Data entries:
##############################

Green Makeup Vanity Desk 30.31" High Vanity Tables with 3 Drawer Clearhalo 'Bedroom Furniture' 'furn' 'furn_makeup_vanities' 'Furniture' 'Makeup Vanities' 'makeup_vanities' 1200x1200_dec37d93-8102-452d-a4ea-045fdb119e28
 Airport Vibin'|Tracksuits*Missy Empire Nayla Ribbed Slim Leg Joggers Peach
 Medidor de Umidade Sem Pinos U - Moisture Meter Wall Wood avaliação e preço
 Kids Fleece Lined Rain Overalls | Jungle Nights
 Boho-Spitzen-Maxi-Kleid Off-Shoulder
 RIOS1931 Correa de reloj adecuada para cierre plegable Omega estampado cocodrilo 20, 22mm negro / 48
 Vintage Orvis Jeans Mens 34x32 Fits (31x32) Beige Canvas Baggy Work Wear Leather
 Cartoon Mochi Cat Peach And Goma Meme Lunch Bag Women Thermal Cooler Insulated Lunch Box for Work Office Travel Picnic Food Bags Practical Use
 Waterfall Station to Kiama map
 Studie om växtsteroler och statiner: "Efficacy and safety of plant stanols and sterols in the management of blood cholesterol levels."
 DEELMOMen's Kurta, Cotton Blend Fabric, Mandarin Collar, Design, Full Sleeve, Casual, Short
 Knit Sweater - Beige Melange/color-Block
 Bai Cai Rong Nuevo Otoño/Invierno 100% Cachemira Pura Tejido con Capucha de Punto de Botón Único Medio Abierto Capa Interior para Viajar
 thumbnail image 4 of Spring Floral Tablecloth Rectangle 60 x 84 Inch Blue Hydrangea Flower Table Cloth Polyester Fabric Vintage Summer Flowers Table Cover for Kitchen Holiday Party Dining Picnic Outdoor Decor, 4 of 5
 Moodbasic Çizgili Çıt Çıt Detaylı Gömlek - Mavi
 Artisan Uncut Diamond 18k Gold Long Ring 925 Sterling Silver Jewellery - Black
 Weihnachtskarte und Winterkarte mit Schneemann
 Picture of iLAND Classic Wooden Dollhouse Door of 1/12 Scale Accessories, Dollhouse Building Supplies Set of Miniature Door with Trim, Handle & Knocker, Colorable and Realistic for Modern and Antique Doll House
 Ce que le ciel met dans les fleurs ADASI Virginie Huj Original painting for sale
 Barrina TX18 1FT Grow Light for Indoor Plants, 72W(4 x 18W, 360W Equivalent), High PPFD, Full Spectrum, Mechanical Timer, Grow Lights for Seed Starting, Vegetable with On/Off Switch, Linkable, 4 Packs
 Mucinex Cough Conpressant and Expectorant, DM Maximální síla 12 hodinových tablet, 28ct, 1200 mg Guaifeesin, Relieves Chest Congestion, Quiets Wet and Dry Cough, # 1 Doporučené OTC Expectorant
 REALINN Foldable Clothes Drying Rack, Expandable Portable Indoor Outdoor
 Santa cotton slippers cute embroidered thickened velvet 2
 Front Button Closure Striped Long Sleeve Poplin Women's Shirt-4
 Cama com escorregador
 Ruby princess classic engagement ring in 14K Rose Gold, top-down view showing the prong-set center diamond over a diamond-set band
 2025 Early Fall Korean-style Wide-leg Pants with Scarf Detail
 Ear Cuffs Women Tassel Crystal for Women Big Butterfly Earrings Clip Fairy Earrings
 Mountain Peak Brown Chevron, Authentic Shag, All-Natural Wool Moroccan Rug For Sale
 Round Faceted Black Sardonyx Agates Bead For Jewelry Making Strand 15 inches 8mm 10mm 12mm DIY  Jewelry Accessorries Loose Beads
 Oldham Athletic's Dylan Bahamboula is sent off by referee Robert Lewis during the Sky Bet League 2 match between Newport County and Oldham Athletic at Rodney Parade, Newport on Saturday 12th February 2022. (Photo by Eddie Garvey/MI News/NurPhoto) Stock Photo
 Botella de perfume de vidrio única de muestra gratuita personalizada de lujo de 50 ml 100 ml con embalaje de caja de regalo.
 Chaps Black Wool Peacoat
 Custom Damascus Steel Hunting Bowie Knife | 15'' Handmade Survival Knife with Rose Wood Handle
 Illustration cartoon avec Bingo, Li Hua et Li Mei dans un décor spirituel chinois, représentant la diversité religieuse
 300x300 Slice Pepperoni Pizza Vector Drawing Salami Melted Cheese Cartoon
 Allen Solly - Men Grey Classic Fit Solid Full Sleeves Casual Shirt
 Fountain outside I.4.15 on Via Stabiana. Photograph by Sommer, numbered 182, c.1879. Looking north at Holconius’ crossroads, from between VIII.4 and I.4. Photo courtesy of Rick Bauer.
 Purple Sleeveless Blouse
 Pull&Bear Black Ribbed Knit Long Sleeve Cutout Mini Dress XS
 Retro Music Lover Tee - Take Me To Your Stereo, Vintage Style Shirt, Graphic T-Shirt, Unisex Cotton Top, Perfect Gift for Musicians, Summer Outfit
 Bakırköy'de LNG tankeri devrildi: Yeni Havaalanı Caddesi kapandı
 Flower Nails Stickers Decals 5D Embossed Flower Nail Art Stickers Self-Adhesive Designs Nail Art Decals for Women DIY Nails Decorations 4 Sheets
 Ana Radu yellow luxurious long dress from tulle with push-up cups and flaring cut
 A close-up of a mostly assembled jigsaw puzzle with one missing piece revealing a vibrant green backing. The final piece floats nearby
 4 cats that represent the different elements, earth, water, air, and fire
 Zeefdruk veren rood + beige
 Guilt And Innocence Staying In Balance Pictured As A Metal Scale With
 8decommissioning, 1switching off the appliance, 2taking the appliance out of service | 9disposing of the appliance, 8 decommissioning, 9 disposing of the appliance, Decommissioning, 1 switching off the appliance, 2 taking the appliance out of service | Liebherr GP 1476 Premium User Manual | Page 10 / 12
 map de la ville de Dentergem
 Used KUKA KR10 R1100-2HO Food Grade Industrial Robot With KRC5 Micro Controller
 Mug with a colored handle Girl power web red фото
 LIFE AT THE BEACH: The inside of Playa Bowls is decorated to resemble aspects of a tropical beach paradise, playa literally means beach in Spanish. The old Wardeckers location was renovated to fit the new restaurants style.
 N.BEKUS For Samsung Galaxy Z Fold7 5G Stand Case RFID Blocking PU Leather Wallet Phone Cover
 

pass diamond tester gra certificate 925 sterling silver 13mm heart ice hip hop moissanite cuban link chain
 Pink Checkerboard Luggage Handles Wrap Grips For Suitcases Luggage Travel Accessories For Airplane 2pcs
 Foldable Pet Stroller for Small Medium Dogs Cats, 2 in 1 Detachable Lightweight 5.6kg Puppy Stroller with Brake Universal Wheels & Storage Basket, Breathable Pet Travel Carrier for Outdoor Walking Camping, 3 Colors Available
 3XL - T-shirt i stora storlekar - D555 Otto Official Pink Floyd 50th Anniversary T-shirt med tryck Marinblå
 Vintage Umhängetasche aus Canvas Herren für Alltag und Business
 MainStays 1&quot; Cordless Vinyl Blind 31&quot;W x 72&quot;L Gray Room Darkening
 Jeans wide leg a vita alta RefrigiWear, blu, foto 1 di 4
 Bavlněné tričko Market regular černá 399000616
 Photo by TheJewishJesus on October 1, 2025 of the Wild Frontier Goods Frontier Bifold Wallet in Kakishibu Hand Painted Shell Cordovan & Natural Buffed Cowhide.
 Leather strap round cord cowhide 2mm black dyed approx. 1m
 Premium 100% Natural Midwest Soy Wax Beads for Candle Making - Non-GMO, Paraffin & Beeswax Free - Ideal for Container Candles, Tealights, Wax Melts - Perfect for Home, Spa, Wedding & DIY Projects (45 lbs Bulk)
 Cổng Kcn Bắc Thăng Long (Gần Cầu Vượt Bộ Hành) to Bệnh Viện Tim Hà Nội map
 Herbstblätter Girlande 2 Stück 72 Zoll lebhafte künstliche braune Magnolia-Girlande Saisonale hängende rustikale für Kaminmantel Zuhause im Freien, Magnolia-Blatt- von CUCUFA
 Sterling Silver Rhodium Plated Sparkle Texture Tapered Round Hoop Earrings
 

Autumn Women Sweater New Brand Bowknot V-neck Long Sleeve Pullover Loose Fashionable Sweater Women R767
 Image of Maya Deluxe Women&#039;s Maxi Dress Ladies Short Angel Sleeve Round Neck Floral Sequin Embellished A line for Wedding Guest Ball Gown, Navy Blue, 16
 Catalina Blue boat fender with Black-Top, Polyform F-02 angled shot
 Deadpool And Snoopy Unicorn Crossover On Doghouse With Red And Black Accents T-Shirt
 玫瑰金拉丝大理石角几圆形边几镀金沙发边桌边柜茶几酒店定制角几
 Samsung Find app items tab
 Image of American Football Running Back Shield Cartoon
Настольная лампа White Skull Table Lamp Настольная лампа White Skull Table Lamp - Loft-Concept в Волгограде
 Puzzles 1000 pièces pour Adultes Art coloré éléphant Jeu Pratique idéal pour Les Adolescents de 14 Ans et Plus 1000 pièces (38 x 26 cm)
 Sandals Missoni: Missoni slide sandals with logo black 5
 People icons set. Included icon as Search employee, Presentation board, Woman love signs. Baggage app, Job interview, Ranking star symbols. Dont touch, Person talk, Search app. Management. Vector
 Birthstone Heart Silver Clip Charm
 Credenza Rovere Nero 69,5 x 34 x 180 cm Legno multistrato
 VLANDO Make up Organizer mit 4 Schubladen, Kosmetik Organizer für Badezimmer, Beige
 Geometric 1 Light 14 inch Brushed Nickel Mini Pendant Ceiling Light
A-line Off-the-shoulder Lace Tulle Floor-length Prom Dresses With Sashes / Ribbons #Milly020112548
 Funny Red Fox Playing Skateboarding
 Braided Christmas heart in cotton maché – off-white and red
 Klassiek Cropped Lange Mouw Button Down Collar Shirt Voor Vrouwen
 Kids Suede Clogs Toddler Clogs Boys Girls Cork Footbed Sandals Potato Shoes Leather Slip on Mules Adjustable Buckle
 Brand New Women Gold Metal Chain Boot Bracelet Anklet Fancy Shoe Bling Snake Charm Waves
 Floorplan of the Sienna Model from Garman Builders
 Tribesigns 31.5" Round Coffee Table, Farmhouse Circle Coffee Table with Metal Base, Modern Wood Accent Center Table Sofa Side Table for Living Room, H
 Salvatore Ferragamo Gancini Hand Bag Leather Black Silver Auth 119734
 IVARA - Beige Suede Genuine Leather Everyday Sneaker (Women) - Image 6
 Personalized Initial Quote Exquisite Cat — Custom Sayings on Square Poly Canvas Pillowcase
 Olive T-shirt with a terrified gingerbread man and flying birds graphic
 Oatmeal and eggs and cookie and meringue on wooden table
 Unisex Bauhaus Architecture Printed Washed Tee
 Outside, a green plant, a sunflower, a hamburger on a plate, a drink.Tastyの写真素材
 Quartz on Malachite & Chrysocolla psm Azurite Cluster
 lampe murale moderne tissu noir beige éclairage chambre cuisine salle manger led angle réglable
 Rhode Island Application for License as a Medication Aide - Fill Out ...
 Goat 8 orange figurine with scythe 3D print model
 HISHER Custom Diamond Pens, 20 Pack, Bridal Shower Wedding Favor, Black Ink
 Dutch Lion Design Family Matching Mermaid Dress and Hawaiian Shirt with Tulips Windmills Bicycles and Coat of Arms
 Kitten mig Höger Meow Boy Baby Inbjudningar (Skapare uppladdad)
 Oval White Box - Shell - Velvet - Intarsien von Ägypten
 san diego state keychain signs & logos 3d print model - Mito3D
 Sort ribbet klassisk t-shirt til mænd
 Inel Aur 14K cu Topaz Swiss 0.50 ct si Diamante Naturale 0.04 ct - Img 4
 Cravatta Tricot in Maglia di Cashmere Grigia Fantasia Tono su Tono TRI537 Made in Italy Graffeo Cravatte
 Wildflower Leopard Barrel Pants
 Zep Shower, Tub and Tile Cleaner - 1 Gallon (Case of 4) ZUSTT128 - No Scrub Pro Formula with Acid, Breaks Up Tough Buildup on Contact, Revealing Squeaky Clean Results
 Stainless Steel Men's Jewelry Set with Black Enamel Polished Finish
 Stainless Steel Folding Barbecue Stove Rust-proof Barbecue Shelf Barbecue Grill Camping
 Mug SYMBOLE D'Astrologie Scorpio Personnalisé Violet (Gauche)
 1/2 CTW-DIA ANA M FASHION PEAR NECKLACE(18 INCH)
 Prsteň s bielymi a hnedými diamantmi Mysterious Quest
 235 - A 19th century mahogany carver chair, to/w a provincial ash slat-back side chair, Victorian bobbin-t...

##############################

## Task:
Would you output, from the records above, exactly the run of lines that starts at the line containing "Fountain outside I.4.15" and ends at the line containing "Pull&Bear Black Ribbed", and only that run?

## Output for this task:
 Fountain outside I.4.15 on Via Stabiana. Photograph by Sommer, numbered 182, c.1879. Looking north at Holconius’ crossroads, from between VIII.4 and I.4. Photo courtesy of Rick Bauer.
 Purple Sleeveless Blouse
 Pull&Bear Black Ribbed Knit Long Sleeve Cutout Mini Dress XS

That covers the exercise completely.